[Opening DATA UNDER STUDY section]
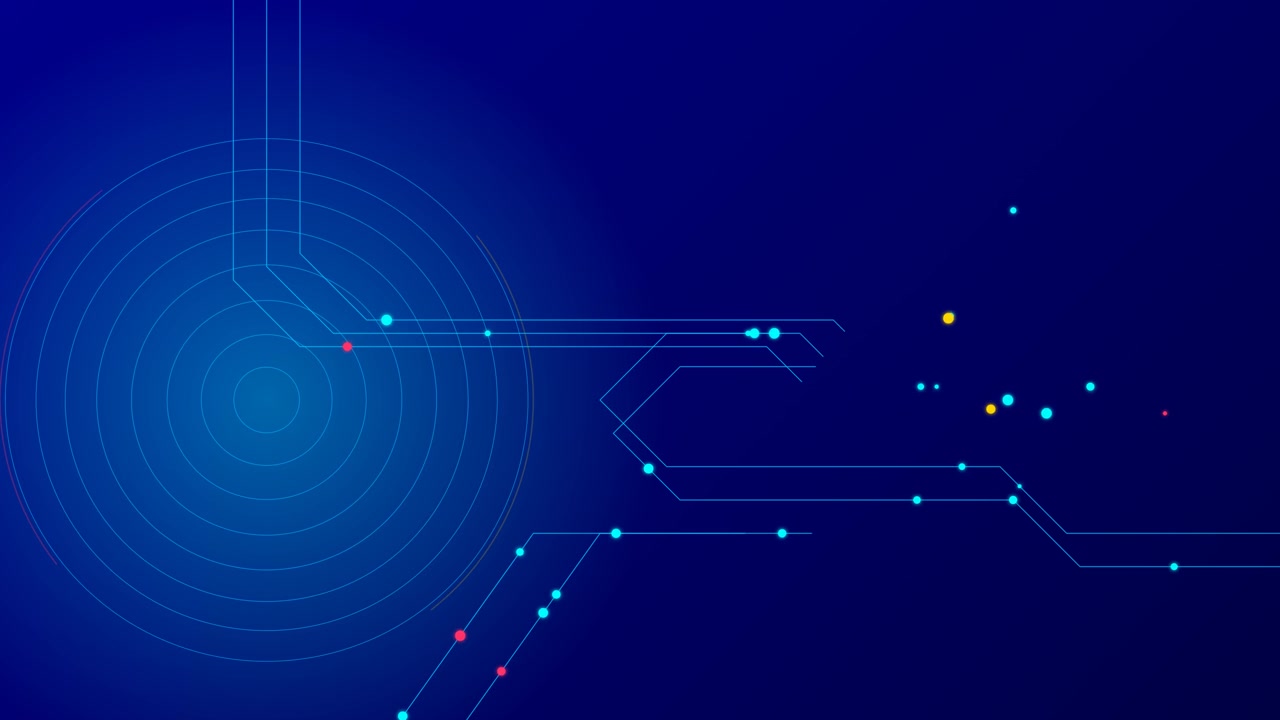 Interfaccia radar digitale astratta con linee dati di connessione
[Closing DATA UNDER STUDY section]
[Opening DATA UNDER STUDY section]
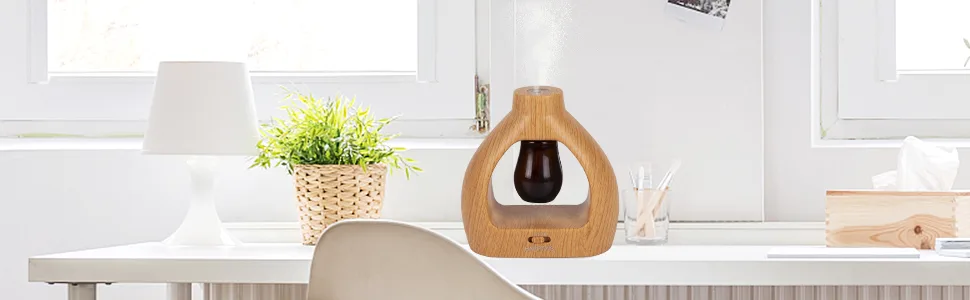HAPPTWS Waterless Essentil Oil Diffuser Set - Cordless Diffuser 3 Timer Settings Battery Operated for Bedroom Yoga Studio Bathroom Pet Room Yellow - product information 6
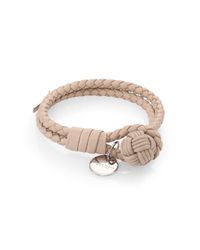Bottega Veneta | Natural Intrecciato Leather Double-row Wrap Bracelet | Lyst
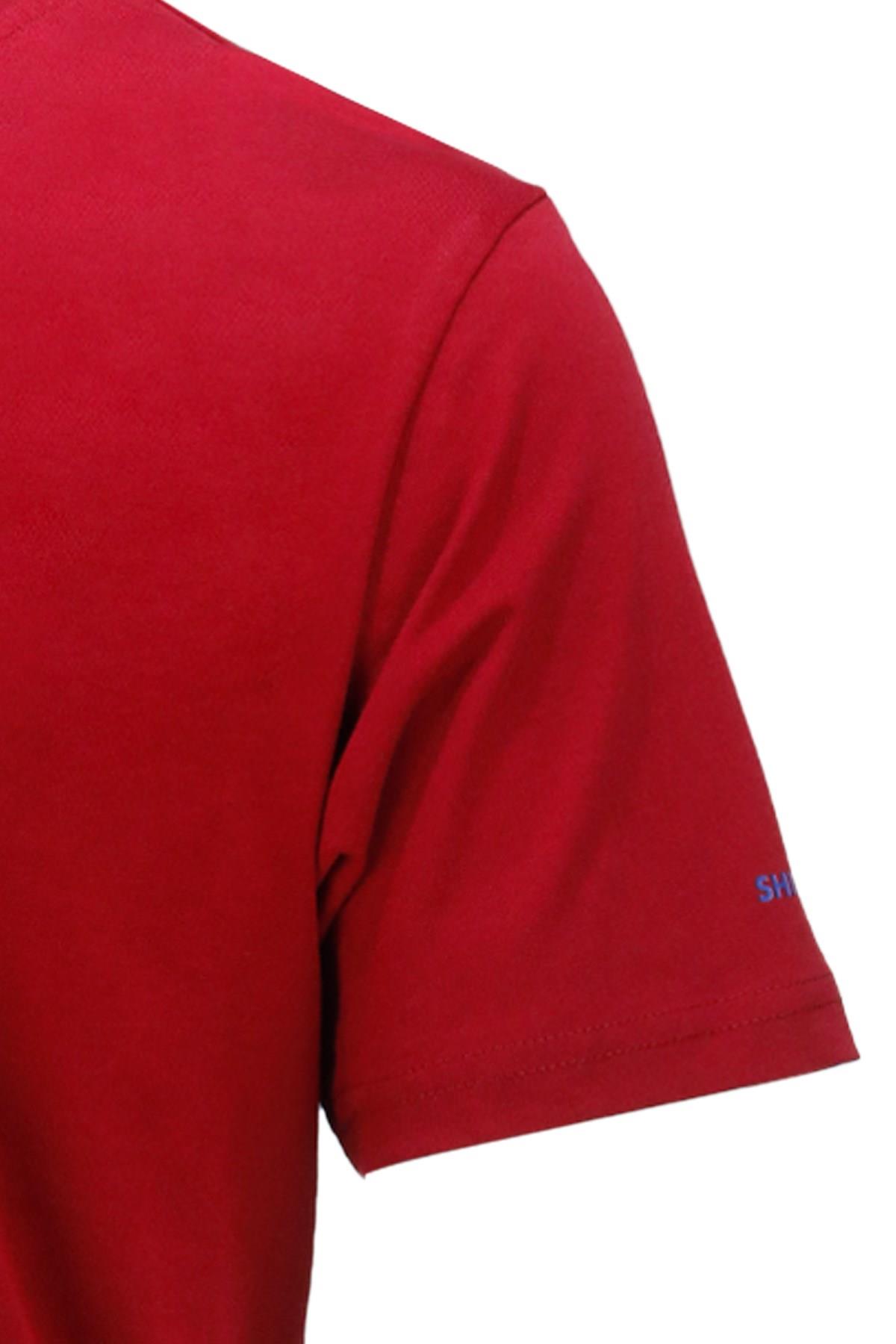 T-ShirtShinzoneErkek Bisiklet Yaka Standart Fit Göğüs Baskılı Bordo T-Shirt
[Closing DATA UNDER STUDY section]
— EXERCISE DIRECTIONS —
Print from the line containing "Bottega Veneta |" through the line containing "T-ShirtShinzoneErkek Bisiklet Yaka" in the data above, exactly as the lines stand, and omit every picture.

— EXERCISE ANSWER —
Bottega Veneta | Natural Intrecciato Leather Double-row Wrap Bracelet | Lyst
 T-ShirtShinzoneErkek Bisiklet Yaka Standart Fit Göğüs Baskılı Bordo T-Shirt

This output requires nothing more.